How the 40-year-old singer of a semi-defunct rap-rock band — a guy who lives in California and hasn't made a meaningful artistic contribution to popular music in at least a decade — came to be the single biggest force affecting music in Arizona is a long and sordid tale. I don't fully understand it myself — you'd be better off reading The Bird's column for an analysis of stuff like this, as Stephen Lemons has forgotten more than I'll ever know about the dark side of Arizona politics and the activists who battle against it. I'm just the music guy, and I'm a music guy who is still in shock about how an out-of state artist I haven't taken seriously since I was in high school came to have such a profound effect on music in Arizona.

But, hey, Time doesn't pick people because they're heroes. In fact, Hitler and Stalin won back-to-back in 1938 and 1939, and LeBron James was a finalist this year. Not that I would ever compare de la Rocha to evil incarnate in the forms of Hitler, Stalin, or LeBron James.

Regardless of your politics — whether you think the bald-faced evil of SB 1070 justifies Zack's all-out assault on the state or you worry he's hurting his own cause by inflicting so much collateral damage on people who share many of his principles — it's a sad story. The Sound Strike means that generally open-minded and diversity-loving music fans in Arizona are paying a hefty price for the misdeeds of a state Legislature that fails to understand the fundamental principles this nation was founded on. Should we be paying a price for the poor decisions made by the leaders our neighbors elected? I dunno — that question is above my pay grade.

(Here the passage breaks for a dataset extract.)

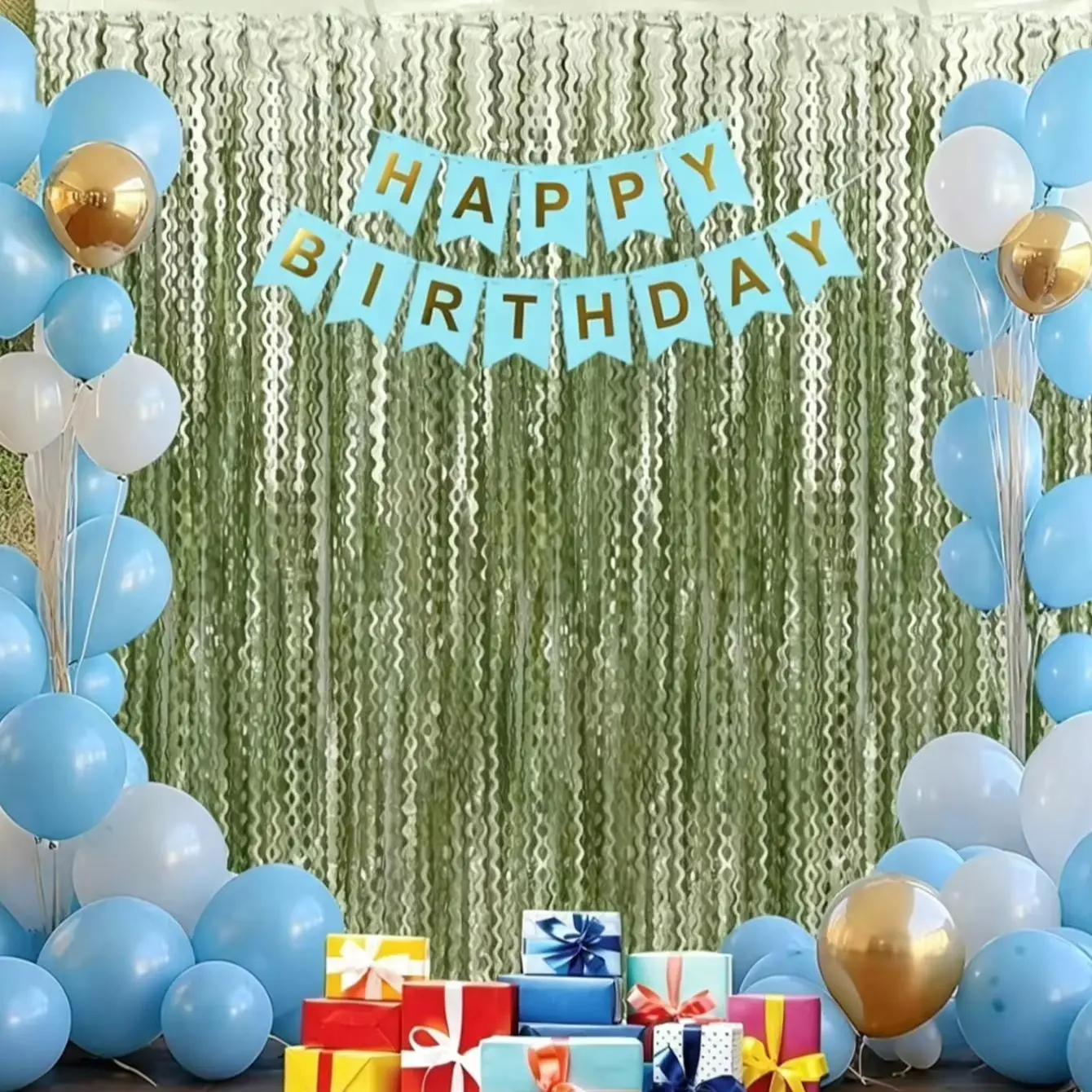 2 Stück Salbeigrüner Wellenförmiger Folien-Fransenvorhang Metallischer Lametta-Streamer Hintergrund für Geburtstag Babyparty Dschungel-Themenparty Dekoration ﻿ – Detail 2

Either way, this isn't nearly over yet. Although the courts castrated the law, the Sound Strikers are not backing off. De la Rocha wants the law to actually be rescinded, not just invalidated — a highly principled stand that seems to ignore the fact that every significant minority rights movement of the past 50 years, from the civil rights struggles of the '60s through the gay marriage battle going on now — got a big leg up from the courts. In fact, voters in his own state never rescinded their "eerily similar" anti-immigrant law, Prop 187. But, hey, maybe there's a "greater good" we'll be serving by not seeing Sound Striker Kanye West when he tours in support of the critical-consensus best record of 2010, My Beautiful Dark Twisted Fantasy.

Contrary to popular belief, SB 1070-related news wasn't the only thing going on in Arizona music this year. Here are my 10 favorite music stories from the past year — the happy, the sad and the hilarious.

1. The SB 1070 fallout hits Arizona's music scene hard: You probably know and love at least one band that's boycotting Arizona in the wake of SB 1070, since the list includes acts like Mos Def, My Chemical Romance, Bright Eyes, Jenny Lewis, and Nine Inch Nails. Though it started to pick up steam in the indiesphere — Canadian band Stars actually sort of kicked things off with a boycott tweet before there even was a Sound Strike — the strike is going to hit every music lover in Arizona, whether they know it or not. Sure, some bands will issue a statement about their decision to skip Arizona, but just as many are likely to pass us by without saying why. Mark my words: Even country fans won't get out of this unscathed.

When they did come to town, a lot of artists had something to say about the law on stage. My favorite comment was from Lady Gaga, who brushed off calls to boycott by pointing out that her entire tour is a joyful protest in favor of open-mindedness and acceptance. I was already a fan of the pop star, but her onstage words really galvanized my respect for her work.

"We have to be active. We have to protest . . . I will yell and I will scream louder," she said at US Airways Center. "I will hold you, and we will hold each other, and we will peaceably protest this state."

2. The death of local rapper Carnegie of Silver Medallion: One of the truly heartbreaking stories of the year was the untimely death of local rapper Abay Lattin, known on stage as Carnegie, half of local hip-hop duo Silver Medallion. Lattin, 25, was heading home from a homecoming performance in Scottsdale — the group had recently moved to New York and was making inroads in the city's ultra-competitive hip-hop scene — when an allegedly drunk teenage driver slammed her SUV into the car he was traveling in near the Quadrangles apartment complex in Tempe.